Last week I started playing catch with Willow using a beach ball. The girl can catch! And she can throw reasonably well for a 20-month-old toddler.
After several days of playing catch with her in the living room, I decided to take the lessons up a notch (and these are important lessons, let me tell you). On the sunny day Friday, when it was in the 70s and sunny, Willow and I took the beach ball to the backyard. We played catch for a while, then I introduced her to one of the utter joys of childhood, throwing a ball on the roof of your house and letting it roll back down to you.
Willow loved this (almost as much as I did)! Unlike me, she couldn't see the ball once it flew up over the gutter and bounded around on the shingles, but this made the game all the more fun for her because she didn't know when or where the ball would come back.
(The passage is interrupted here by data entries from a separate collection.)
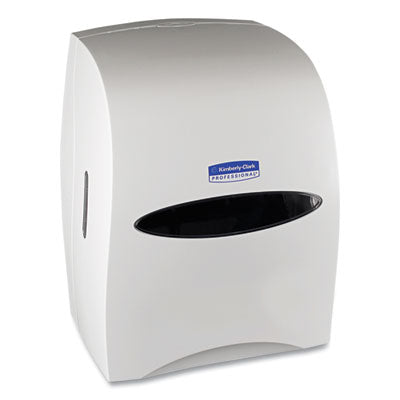 DISPENSER,SANITOUCH,WH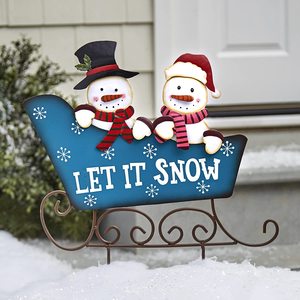 Gnome de Noël en fonte à insérer dans le jardin, <span class=keywords><strong>d</strong></span>écoration extérieure, artisanat <span class=keywords><strong>d</strong></span>écoratif, ornements de Noël - Product Image 4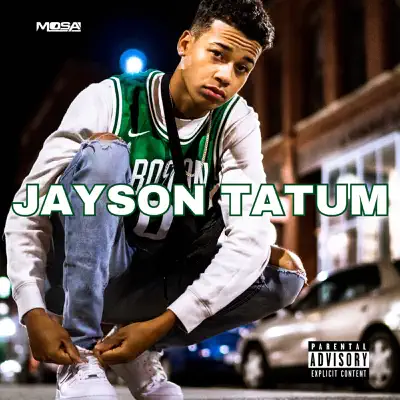 Jayson Tatum - Single - Mosa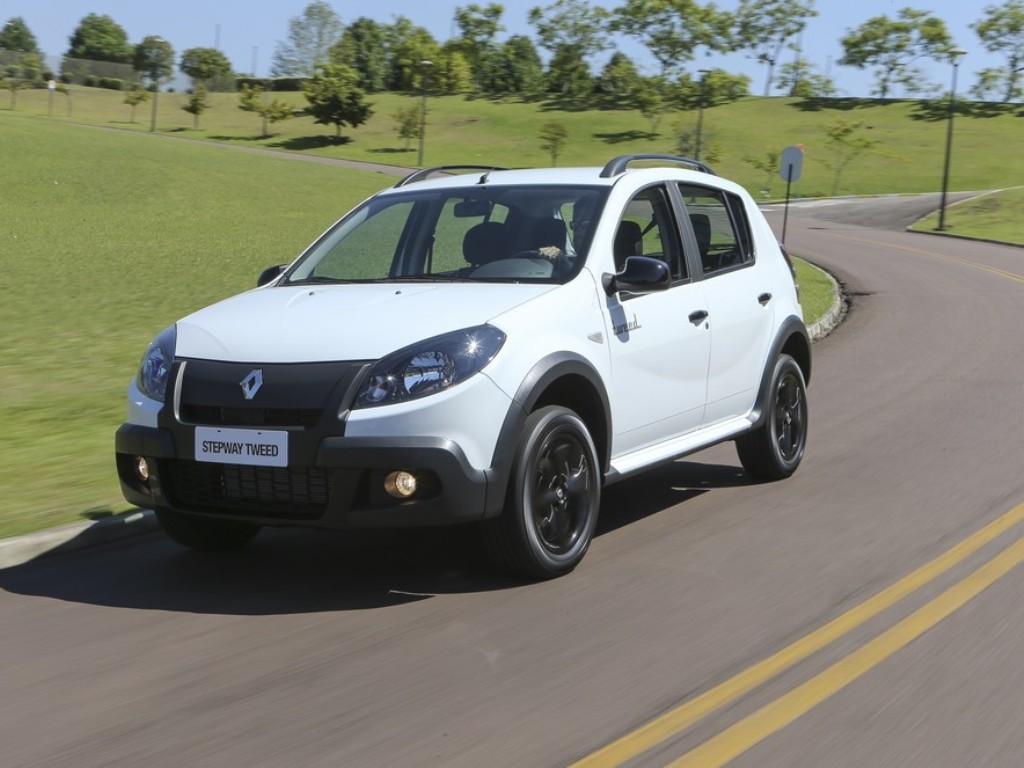 RENAULT SANDERO STEPWAY TWEED, foto 15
Every toss onto the roof became a surprise for her, as if she was waiting for Jack to spring from his box. She waited for the ball to pop over the edge of the roof and down to the ground. Sometimes the ball even popped her in the head, and that sent her into a giggle frenzy.
Indeed Willow is growing up. She is out of babyhood and deep into toddlerhood.
But if I shift my perspective just a bit, I don't have to see her growth as the onslaught of her slipping away. Instead I can slow things down, and appreciate the days we're enjoying now (and will enjoy this year) as what they really are, the blossoming of her childhood.